Грубо очерчивающийся временным промежутком от 1940 года до начала 50-х годов XX века, «фильм нуар» лучше всего характеризуется лентами, подобными оригинальному «Лицу со шрамом», «М», «Алой улицей», «Тем больнее им будет падать», «Асфальтовые джунгли» и другими, в которых взаправдашние бандиты-антигерои бредут по мокрым от дождя улицам навстречу предательским обстоятельствам. Чарльз Хайхэм и Джоэл Гринберг создали исполненную дурных предчувствий интригу film noir в своей книге 1968 года «Голливуде сороковые годы»:
Темная улица в ранние утренние часы, обрызганная неожиданным дождем. Расплывающийся ореолом свет фонарей в полутьме. В комнате, куда надо подняться, наполненной перемежающимися отсветами неоновых вывесок с улицы напротив, человек ожидает того, чтобы быть убитым или убить… это особый антураж film noir, мира тьмы и насилия, центральная фигура которого мотивируется обычно жадностью, развратом и амбициями, мир его наполнен страхом. Этот жанр достиг своих высот в сороковые годы…
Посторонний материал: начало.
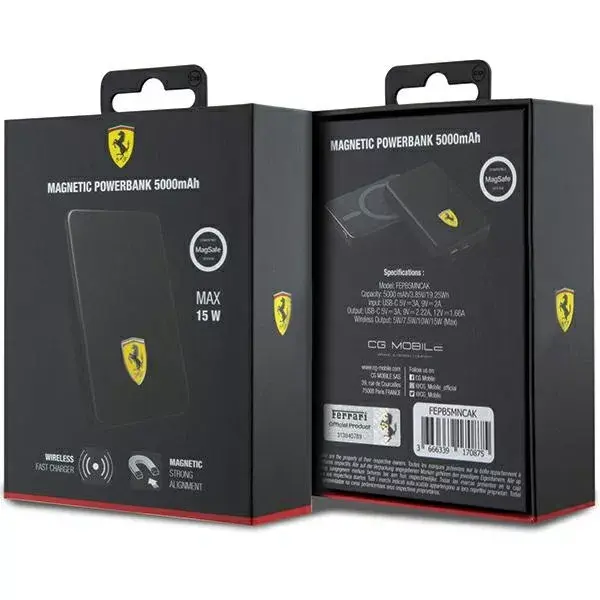 Портативный аккумулятор Ferrari FEPB5MNCAK FEPB5MNCAK Photo 5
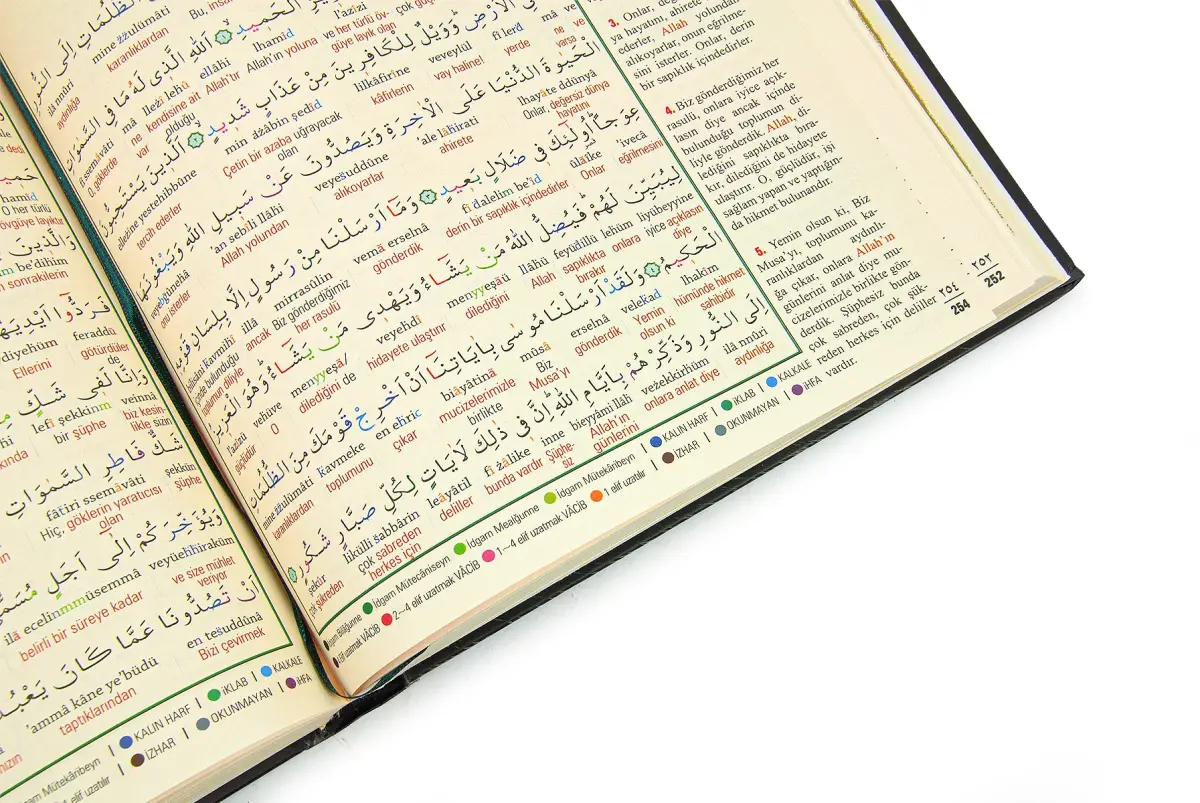 7 Özellikli Kuranı Kerim ve Yüce Meali - Tecvidli, Satır Arası, Türkçe Okunuş - Cami Boy - 5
«Для меня, — заявляет ЛаВей, — film noir лучше всего выражен в картине «Гангстер». Почти сюрреалистические декорации, такие тревожные ракурсы-очень давящая атмосфера клаустрофобии». В вышедшей в 1981 году «Книге списков фильмов» ЛаВей перечисляет некоторое количество главных ролей Барри Салливана среди десяти весьма сатанистских экранных героев и так пишет о «Гангстере»:
Короткий забытый фильм. Он почти утрачен. Он начинается и заканчивается сатанистским утверждением, и вы знаете, что человек, которого играет Барри Салливан, обречен. Это не история про какого-нибудь Легз Даймонда или Аль Капоне, это психологическая сказка о гангстере, который, возможно, слишком образован или слишком чувствителен и слишком добр, чтобы быть отъявленным гангстером. Он поднялся из трущоб и играет единственную роль, которую мог играть в своей судьбе. Во многом подобно Люциферу, падшему ангелу, он обнаруживает себя в роли жертвы обстоятельств. В конце, прямо перед тем, как его пристреливают под дождем, что совершенно типично для film noir, его сурово осуждает девочка, отец которой хотел его спрятать. Она отказывает ему в пристанище, и прямо перед тем, как устремиться под дождь навстречу своей смерти, он произносит горькую речь… Это чисто сатанинский монолог — монолог жертвы в роли, в которой он никогда не должен был бы оказаться.
Среди других сатанистских ролей в этом списке ЛаВей выбирает Эдварда Робинсона и его роли в «Морском волке» и «Ки Ларго», поскольку они в интерпретации ЛаВея отражают базовое сатанинское мировоззрение. «Вульф Ларсен [в «Морском волке»]… разлагает только тех, кто уже разложился сам, он брутализирует только тех, кто знает только брутальность, он охотится за теми, кто достоин того, чтобы за ним охотились. В этом Робинсон являет собой чисто сатанинскую фигуру». ЛаВей добавляет: «Робинсон всегда хотел сыграть Вульфа Ларсена с тех самых пор, как прочел книгу Джека Лондона. Он был в восторге, когда его выбрали на эту роль, но как только он это сделал, он потерял некоторое количество либеральных друзей. Моя реакция на фильм шла параллельно моему год от года растущему разочарованию в человеческой расе. Когда я впервые увидел этот фильм, я подумал: «Персонаж Ларсена слишком брутален». В следующий просмотр несколько лет спустя, я смог лучше понять его брутальность — она уже не казалась такой избыточной. Наконец еще через какое-то время я уже выработал в себе истинное сопереживание Вульфу Ларсену!»